Song by Dove Cameron, Cameron Boyce, Booboo Stewart and Sofia Carson

from the album Descendants
- Recorded: 2015
- Genre: Dance-pop
- Length: 2:42
- Label: Walt Disney
- Songwriter(s): Joacim Persson; Shelly Peiken; Johan Alkenäs;
- Producer(s): Twin

= Rotten to the Core (song) =

2015 song from Descendants

"Rotten to the Core" is a song from Disney Channel's 2015 television film Descendants, whose music and lyrics were composed by Joacim Persson, Shelly Peiken and Johann Alkenas.

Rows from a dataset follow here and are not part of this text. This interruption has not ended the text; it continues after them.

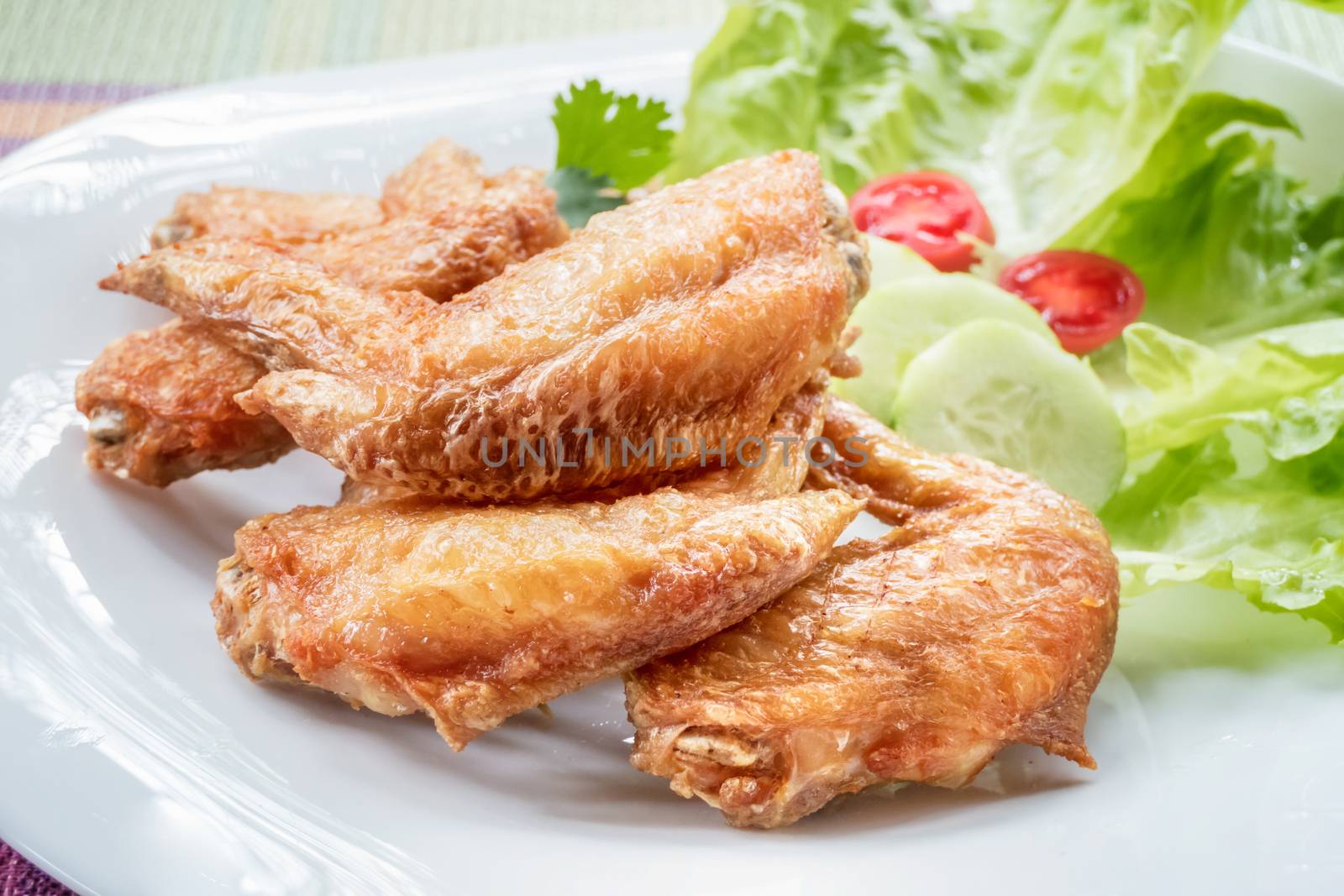 Fried chicken wings served with fresh vegetable on plate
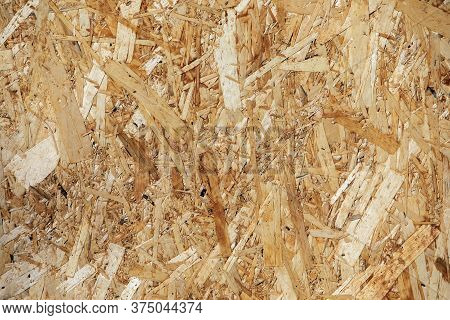 Pressed Wooden Panel Background. Osb Wood Board.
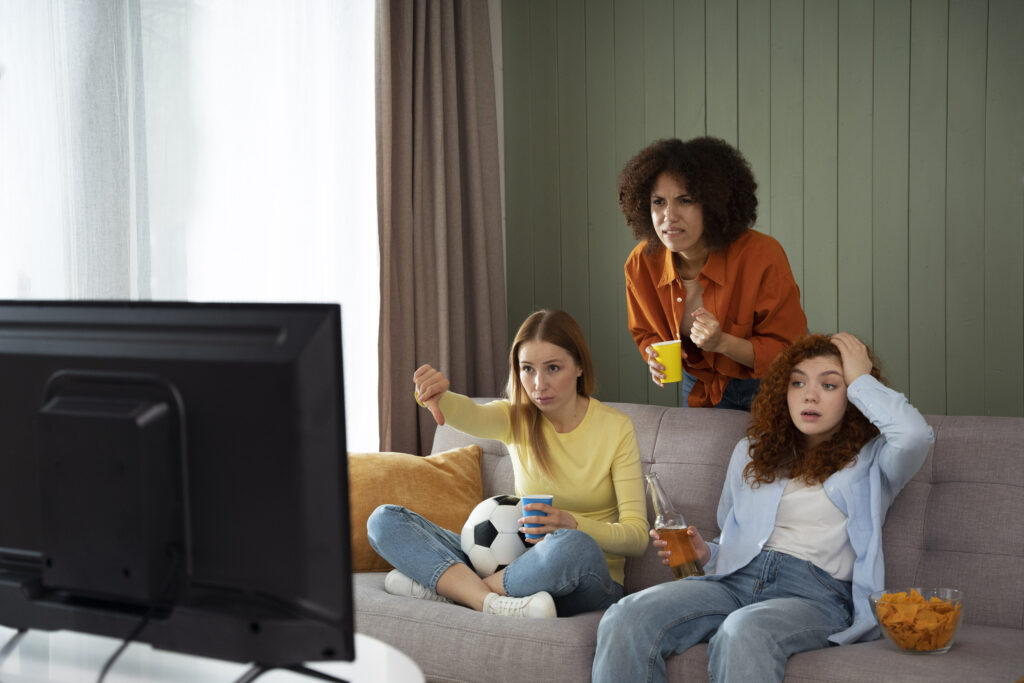 Friends watching sports on MaxTelly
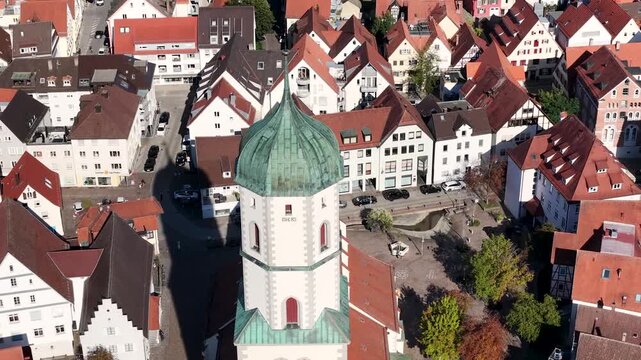 Malerische Panorama-Luftaufnahme von Biberach an der Ri&szlig; mit der historischen Altstadt, markanten Kircht&uuml;rmen und herbstlichen B&auml;umen unter blauem Himmel.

The song was performed in its original show-tune version in the film by the main cast – Dove Cameron, Cameron Boyce, Booboo Stewart and Sofia Carson – in their vocal roles as Mal (daughter of Maleficent), Carlos (son of Cruella de Vil), Jay (son of Jafar) and Evie (daughter of The Evil Queen). The song peaked at number 38 in the Billboard Hot 100. A second version, performed by actress and singer Sofia Carson, was released as a single on December 18, 2015. For the release of the third movie, the song was remixed.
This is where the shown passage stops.